----- Materials provided

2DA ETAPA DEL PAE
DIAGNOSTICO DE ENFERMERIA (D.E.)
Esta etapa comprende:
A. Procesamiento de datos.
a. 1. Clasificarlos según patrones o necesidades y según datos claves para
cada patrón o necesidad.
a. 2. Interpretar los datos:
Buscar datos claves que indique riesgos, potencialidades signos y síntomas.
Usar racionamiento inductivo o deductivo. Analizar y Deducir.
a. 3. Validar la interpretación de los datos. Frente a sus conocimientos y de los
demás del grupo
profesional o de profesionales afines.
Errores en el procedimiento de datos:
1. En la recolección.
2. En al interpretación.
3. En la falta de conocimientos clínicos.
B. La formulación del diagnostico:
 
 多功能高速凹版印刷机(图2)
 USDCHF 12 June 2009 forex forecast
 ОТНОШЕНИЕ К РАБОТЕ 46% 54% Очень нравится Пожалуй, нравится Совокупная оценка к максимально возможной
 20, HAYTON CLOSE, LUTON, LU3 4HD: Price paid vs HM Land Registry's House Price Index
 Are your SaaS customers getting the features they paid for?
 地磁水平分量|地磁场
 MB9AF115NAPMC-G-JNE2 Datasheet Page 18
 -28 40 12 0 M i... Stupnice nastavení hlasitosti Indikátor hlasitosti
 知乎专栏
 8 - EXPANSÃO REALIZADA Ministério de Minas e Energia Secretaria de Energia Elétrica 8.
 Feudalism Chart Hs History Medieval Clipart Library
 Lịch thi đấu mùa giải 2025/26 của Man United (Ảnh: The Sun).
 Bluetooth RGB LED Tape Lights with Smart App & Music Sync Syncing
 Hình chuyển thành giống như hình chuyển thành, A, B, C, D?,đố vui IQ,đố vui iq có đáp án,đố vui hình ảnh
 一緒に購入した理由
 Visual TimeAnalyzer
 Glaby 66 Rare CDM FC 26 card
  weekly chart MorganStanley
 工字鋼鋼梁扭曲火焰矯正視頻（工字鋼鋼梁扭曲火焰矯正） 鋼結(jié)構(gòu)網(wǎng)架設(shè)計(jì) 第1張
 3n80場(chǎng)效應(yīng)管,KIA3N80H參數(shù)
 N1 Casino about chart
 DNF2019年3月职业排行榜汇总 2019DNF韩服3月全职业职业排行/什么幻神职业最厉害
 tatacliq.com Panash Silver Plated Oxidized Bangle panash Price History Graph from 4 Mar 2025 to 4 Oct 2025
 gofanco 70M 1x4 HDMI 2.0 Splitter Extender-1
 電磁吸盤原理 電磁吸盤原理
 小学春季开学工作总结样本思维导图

----------

§ Task requirements:
Exactly as given, repeat every record above.

§ Response below:
2DA ETAPA DEL PAE
DIAGNOSTICO DE ENFERMERIA (D.E.)
Esta etapa comprende:
A. Procesamiento de datos.
a. 1. Clasificarlos según patrones o necesidades y según datos claves para
cada patrón o necesidad.
a. 2. Interpretar los datos:
Buscar datos claves que indique riesgos, potencialidades signos y síntomas.
Usar racionamiento inductivo o deductivo. Analizar y Deducir.
a. 3. Validar la interpretación de los datos. Frente a sus conocimientos y de los
demás del grupo
profesional o de profesionales afines.
Errores en el procedimiento de datos:
1. En la recolección.
2. En al interpretación.
3. En la falta de conocimientos clínicos.
B. La formulación del diagnostico:
 
 多功能高速凹版印刷机(图2)
 USDCHF 12 June 2009 forex forecast
 ОТНОШЕНИЕ К РАБОТЕ 46% 54% Очень нравится Пожалуй, нравится Совокупная оценка к максимально возможной
 20, HAYTON CLOSE, LUTON, LU3 4HD: Price paid vs HM Land Registry's House Price Index
 Are your SaaS customers getting the features they paid for?
 地磁水平分量|地磁场
 MB9AF115NAPMC-G-JNE2 Datasheet Page 18
 -28 40 12 0 M i... Stupnice nastavení hlasitosti Indikátor hlasitosti
 知乎专栏
 8 - EXPANSÃO REALIZADA Ministério de Minas e Energia Secretaria de Energia Elétrica 8.
 Feudalism Chart Hs History Medieval Clipart Library
 Lịch thi đấu mùa giải 2025/26 của Man United (Ảnh: The Sun).
 Bluetooth RGB LED Tape Lights with Smart App & Music Sync Syncing
 Hình chuyển thành giống như hình chuyển thành, A, B, C, D?,đố vui IQ,đố vui iq có đáp án,đố vui hình ảnh
 一緒に購入した理由
 Visual TimeAnalyzer
 Glaby 66 Rare CDM FC 26 card
  weekly chart MorganStanley
 工字鋼鋼梁扭曲火焰矯正視頻（工字鋼鋼梁扭曲火焰矯正） 鋼結(jié)構(gòu)網(wǎng)架設(shè)計(jì) 第1張
 3n80場(chǎng)效應(yīng)管,KIA3N80H參數(shù)
 N1 Casino about chart
 DNF2019年3月职业排行榜汇总 2019DNF韩服3月全职业职业排行/什么幻神职业最厉害
 tatacliq.com Panash Silver Plated Oxidized Bangle panash Price History Graph from 4 Mar 2025 to 4 Oct 2025
 gofanco 70M 1x4 HDMI 2.0 Splitter Extender-1
 電磁吸盤原理 電磁吸盤原理
 小学春季开学工作总结样本思维导图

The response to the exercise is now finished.